194 - The Cruel Smile Of Fate [End of Book 3]

Rasp’s mind raced, sifting through memories of the last several days to place the speaker. The pieces fitted together rather quickly–the voice, the distinct silver aura, the smug confidence that made Rasp want to drive his fist into the speaker’s face repeatedly. “Dingle?” He called over his shoulder to Faris. “Is this the witch you hobbled the other day? You know, when I was saving your ass from the earth elemental?”

Faris’s voice was laden with trepidation. So much so, he didn’t bother to correct Rasp’s totally accurate recount of the fight. “I could have sworn I broke his leg.”

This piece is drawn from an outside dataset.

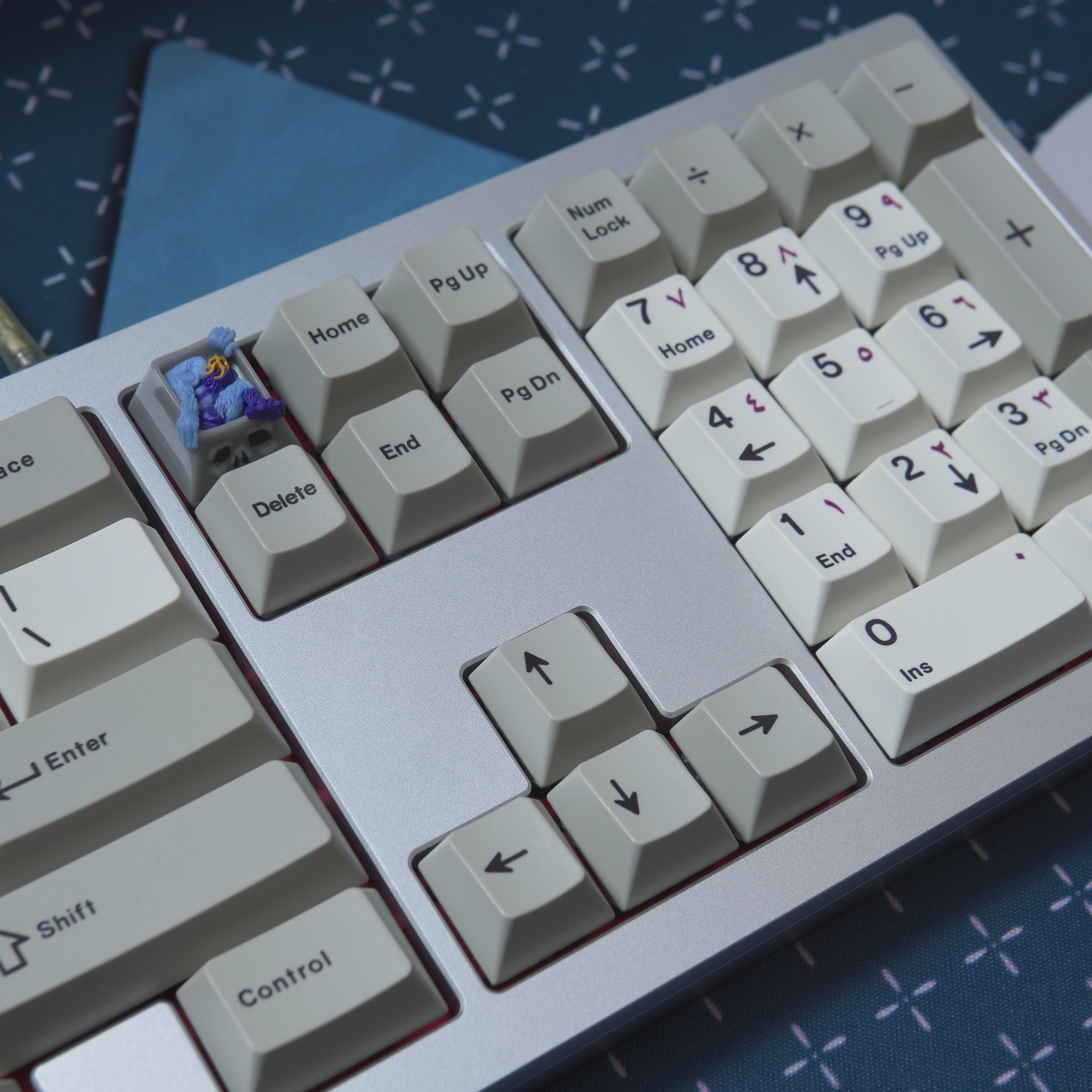 Etar87 Mechanical Keyboard Kit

“Irvan.” The approaching witch kindly reminded them of his name. “And you did indeed, Mister Belfast. Fortunately for me, broken bones are but a minor inconvenience.”

Rasp cursed their luck. This was why it was essential to ensure every member of the decimated party was taken care of before moving on. Sole survivors bent on revenge had a nasty habit of causing unexpected hiccups down the road. Admittedly, sole survivors weren’t usually this calm and collected. Irvan was behaving like a perfect gentleman so far, which, in Rasp’s limited experience with perfect gentlemen, meant there was a wolf lurking beneath the polished veneer.

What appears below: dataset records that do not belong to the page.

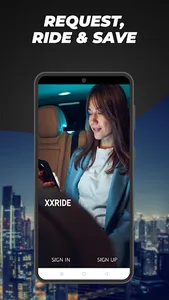 XXRIDE screenshot 0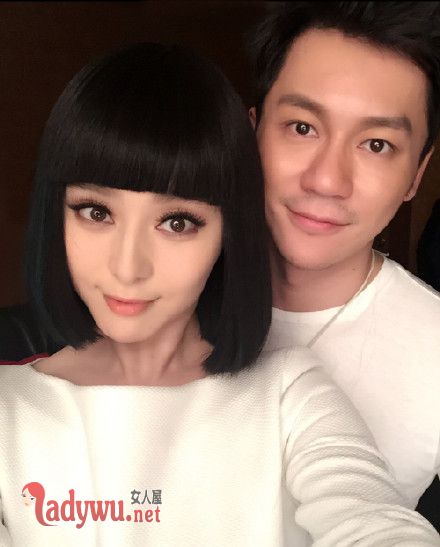 李晨朋友圈支持范冰冰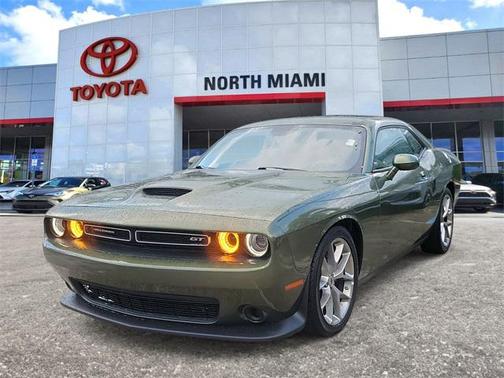 2023 Dodge Challenger GT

Faris must have sensed it too. “How do you know my name?”

“We know your importance now, and how the Speaker of the People is using you to draw the devil witch into his net. I’m afraid we had to take steps to keep that from happening.” Irvan’s silver aura came to a standstill at the edge of camp across from them. Rasp heard the creak of old leather being drawn open. A momentary rustle followed before Irvan withdrew something from his bag and tossed it before them. Regrettably, without the aid of light, Rasp couldn’t tell what it was. All he heard was the soft thud of something feathery strike the ground.

“Auntie!” June’s shriek turned to an agonized wail. Her howl morphed into something deeper, an animalistic, guttural roar, as her bones rearranged themselves with a series of wet pops and snaps into a form better suited for ripping out throats with her teeth.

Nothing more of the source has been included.